WHAT IS NEEDED
Set down every record below exactly as it stands, with the pictures omitted.

[Caption-style text data]
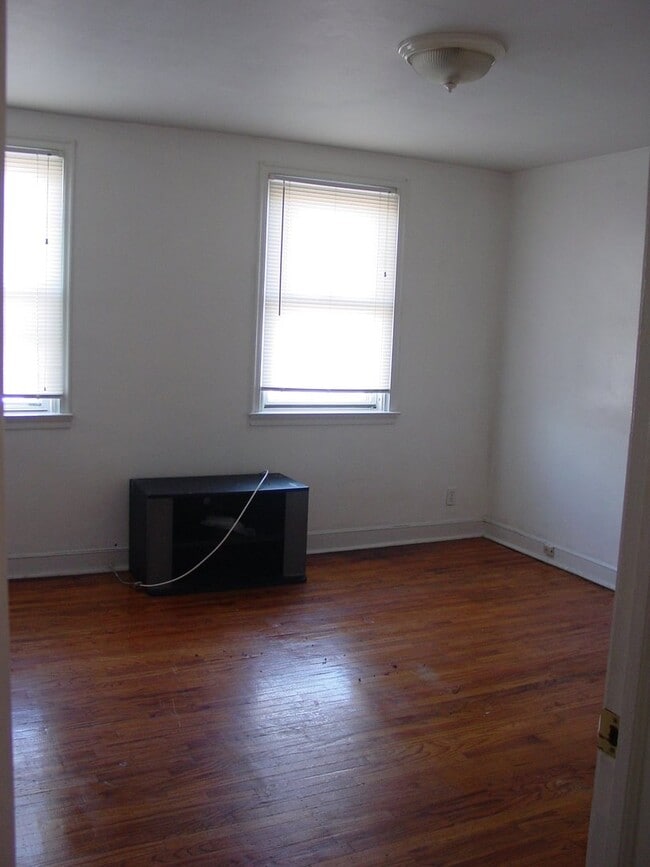 Photo - Large Home - Mayfair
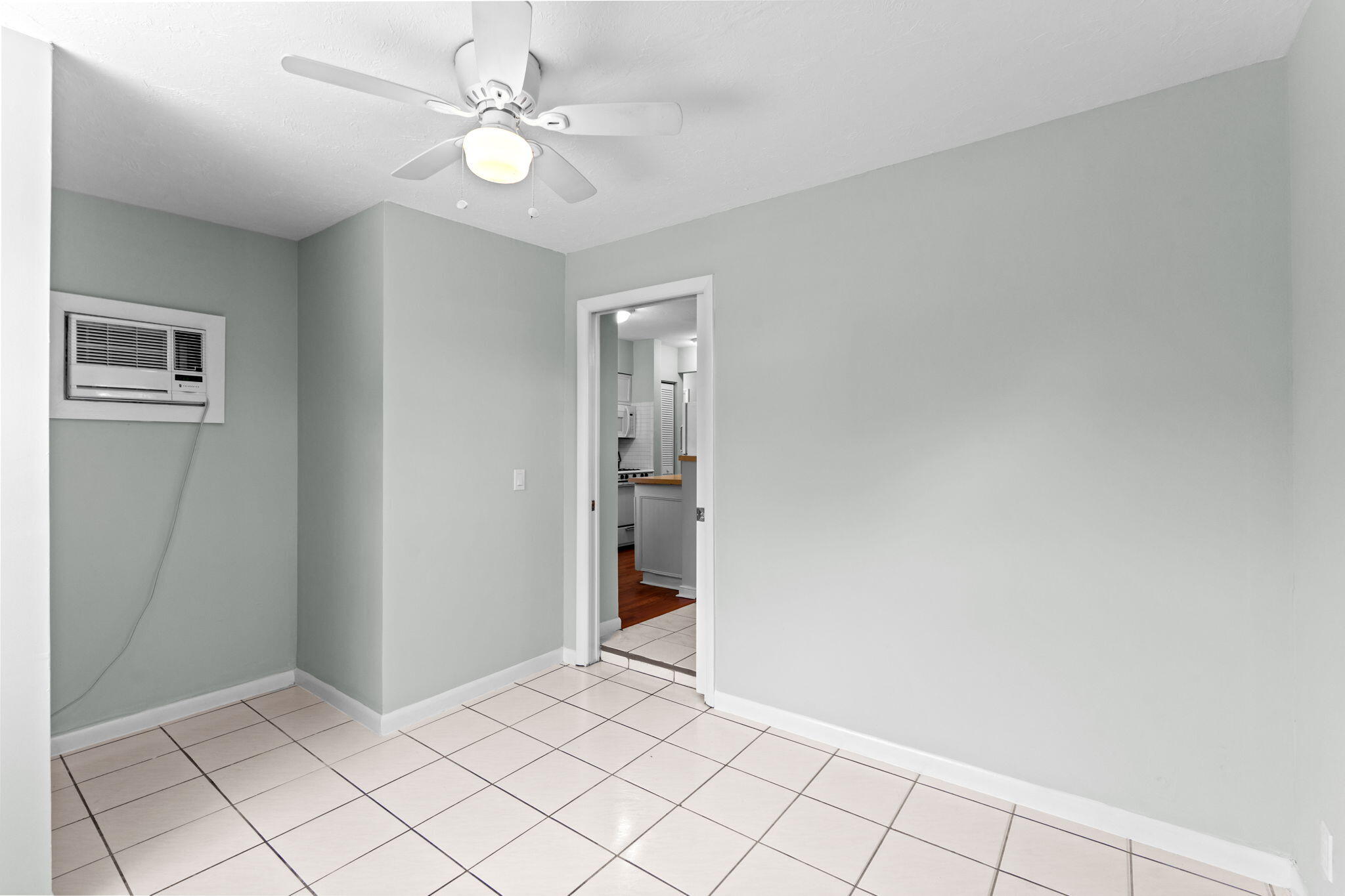 1439 W Broome Street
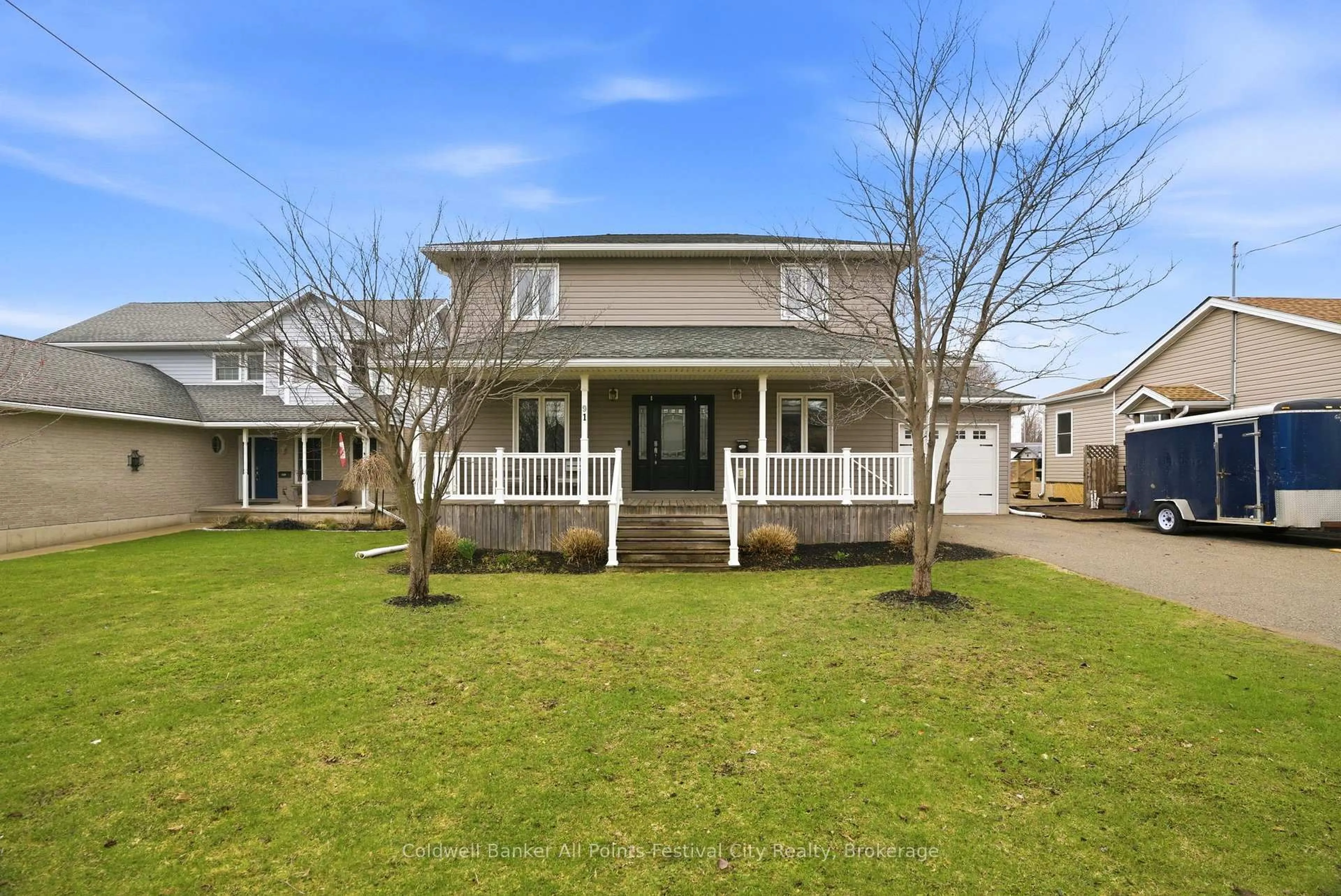 Home with vinyl exterior material, street for 91 Park St, Goderich Ontario N7A 1K9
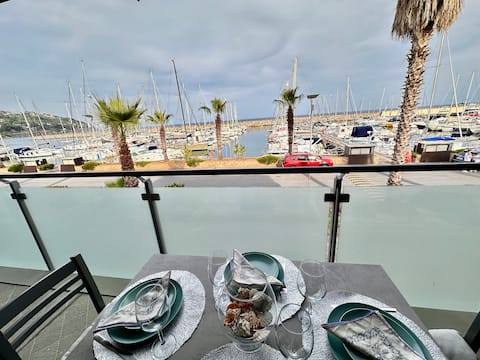 [Beachfront, with parking] Marina dei Sogni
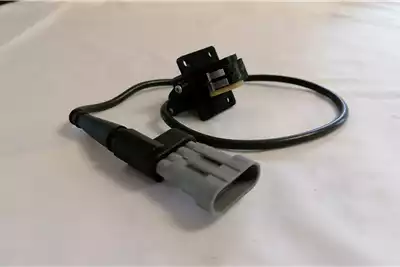Iveco Truck spares and parts Electrical systems Brake Light Switch (42532961) for sale by Sino Plant | Truck & Trailer Marketplace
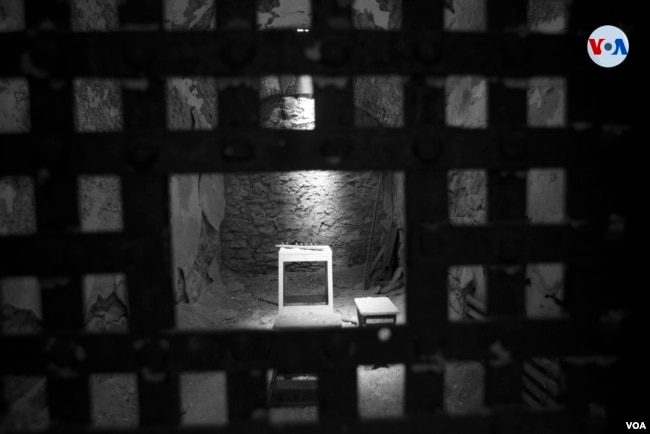 En la imagen se muestra una celda de castigo, uno de los sitios más temidos por los presos que purgaron sus condenas en la Penitenciaría del Estado de Pensilvania. [Foto: Ismael Rodríguez]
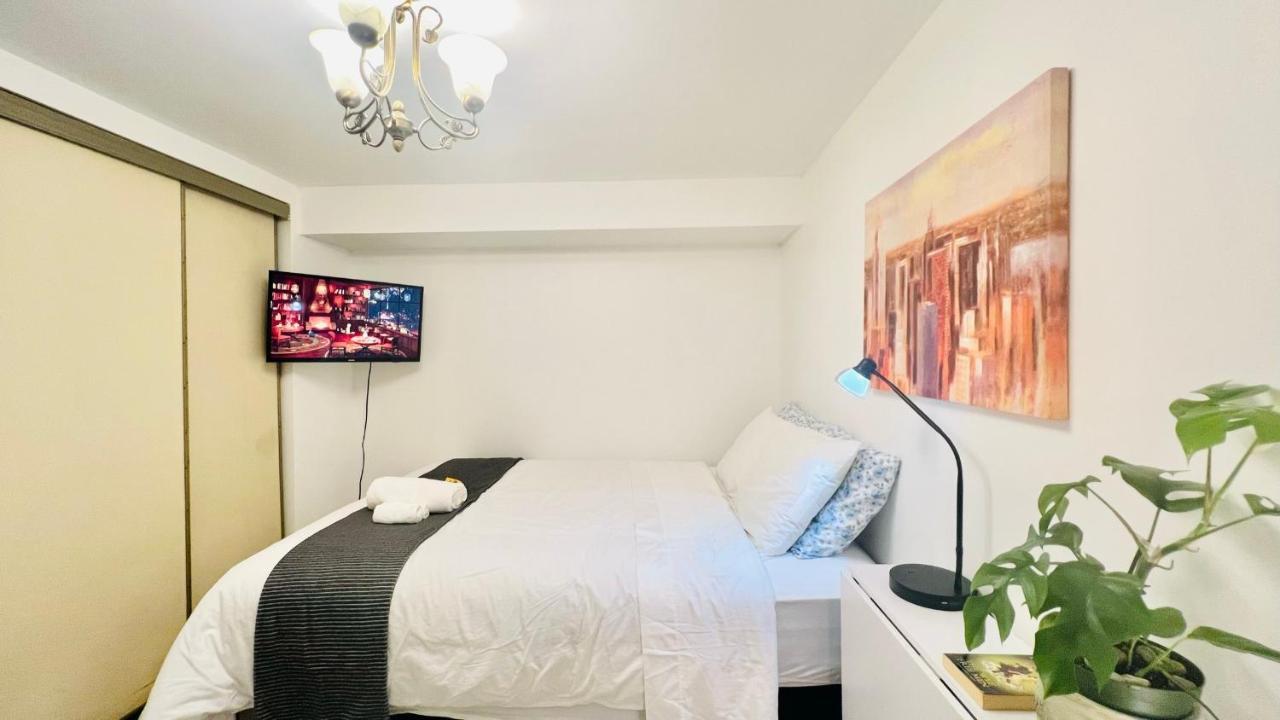 Toronto Bed & Breakfast - Free Parking Exterior photo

SOLUTION FOR THIS TASK
 Photo - Large Home - Mayfair
 1439 W Broome Street
 Home with vinyl exterior material, street for 91 Park St, Goderich Ontario N7A 1K9
 [Beachfront, with parking] Marina dei Sogni
Iveco Truck spares and parts Electrical systems Brake Light Switch (42532961) for sale by Sino Plant | Truck & Trailer Marketplace
 En la imagen se muestra una celda de castigo, uno de los sitios más temidos por los presos que purgaron sus condenas en la Penitenciaría del Estado de Pensilvania. [Foto: Ismael Rodríguez]
 Toronto Bed & Breakfast - Free Parking Exterior photo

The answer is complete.